I now had a better idea of what I was trying to achieve. I decided to stick with the program dynamically generating lines to check for wins, as this was not really the cause of the slowness, and it seemed a more realistic change rather than hardcoding lines for a grid of size 3 and a grid of size 4.

I looked at what else had to change. Quite a lot. Quite unexpectedly. The order that the Game prompts had to change. I have a choice of game types - Human vs Human (which could in theory be any size grid, there are no performance implications), and the combinations of Human vs Computer player, on which the board size needs to be limited to 4 or below. This meant another set of validation, to ensure when the user enters the dimension they want to use, it is within the correct boundary depending on the game type they have chosen.

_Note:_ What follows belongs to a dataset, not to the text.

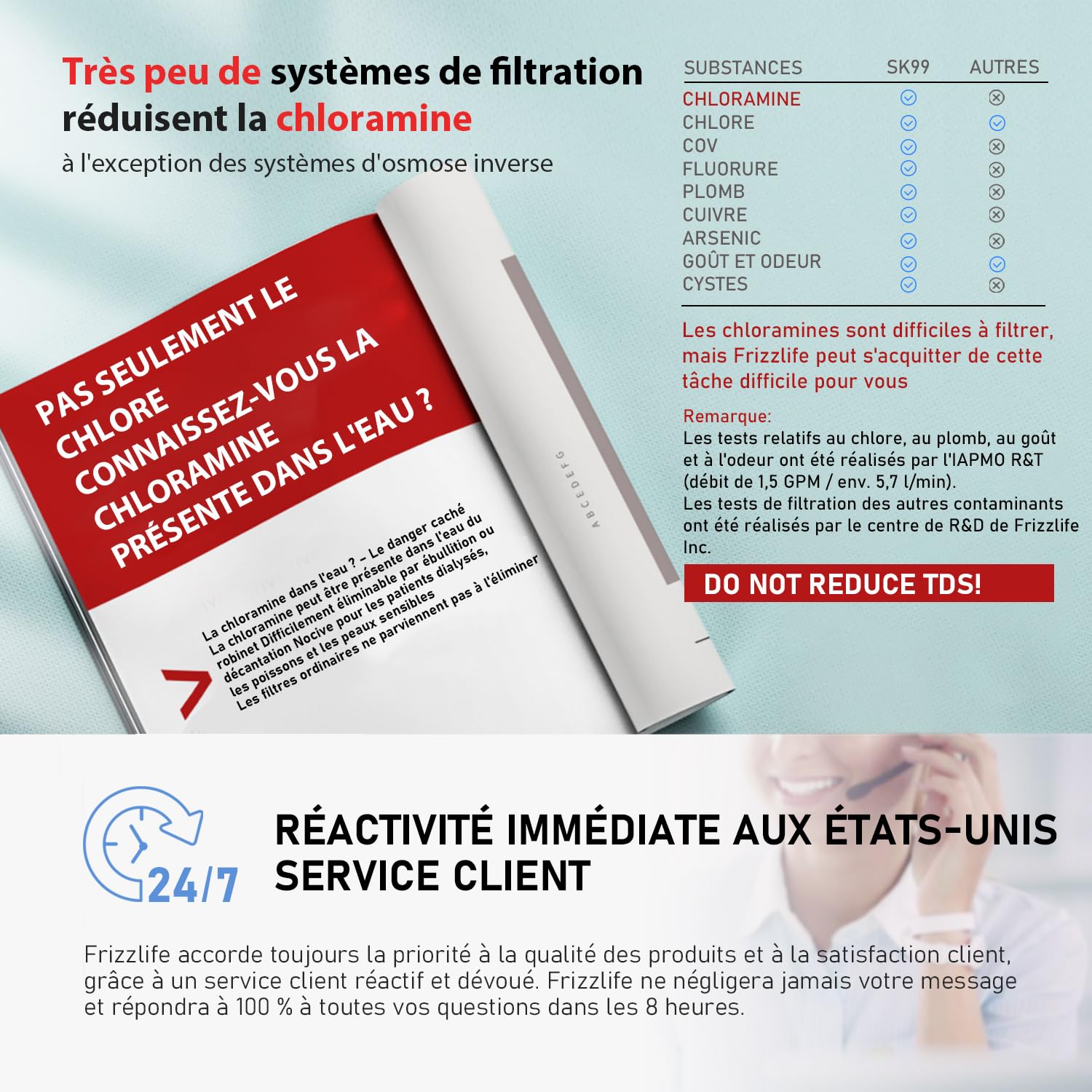 Frizzlife Système de Filtre à Eau Sous Évier SK99-NEW, Connexion Directe, Certifié NSF/ANSI 53&42, 0,5 Micron, 3 Étapes filtration d'eau, Réduit Plomb, Chlore, Chloramine, Fluorure,white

To implement this, I added a dimension boundary to the GameType enum so that there is one place that knows what the maximum grid dimension for a given GameType is.

This means that the factory that creates players now needs to know about dimension, so that it can create the appropriate player. My idea is that the unbeatable player will now have an ‘optimised strategy’ injected in. This will use the null object pattern, so when using a board dimension of 3, essentially a dummy strategy will be injected which will do nothing. When using a grid size of 4, the strategy will make the first 4 moves outside of minimax, probably going for corner square first if they are available. I preferred this idea over creating another separate Player, because I felt that there would be a lot of duplication between the 3x3 player and the 4x4 player. This would then have led to more inheritance, or the template pattern which I am not so keen on (haunted by it’s overuse in legacy code bases).

The other update I had not accounted for is to the displaying of the grid. Now that there are indexes of double figures (10+), the alignment is all out. I updated the command line gui to account for this, but again it was a change I had not factored into my estimation. I still have some ‘debt’ in my command line gui (as its formatting for display as well as reading/writing) so adding functionality can be a bit harder than it should. I didn’t feel I had time to do this refactoring now, as it would mean I’d need to spend even more time on this story, which I am already behind on.

To conclude, once again the story has turned out larger than I thought, and I’ve still not implemented it all. Am I just slow? Or is it because the solution is more than a few loops, which is what was initially anticipated. Instead the solution entails new validation, smarter players and updated displays. I hope to finish it tomorrow then move on to the next story on my agenda.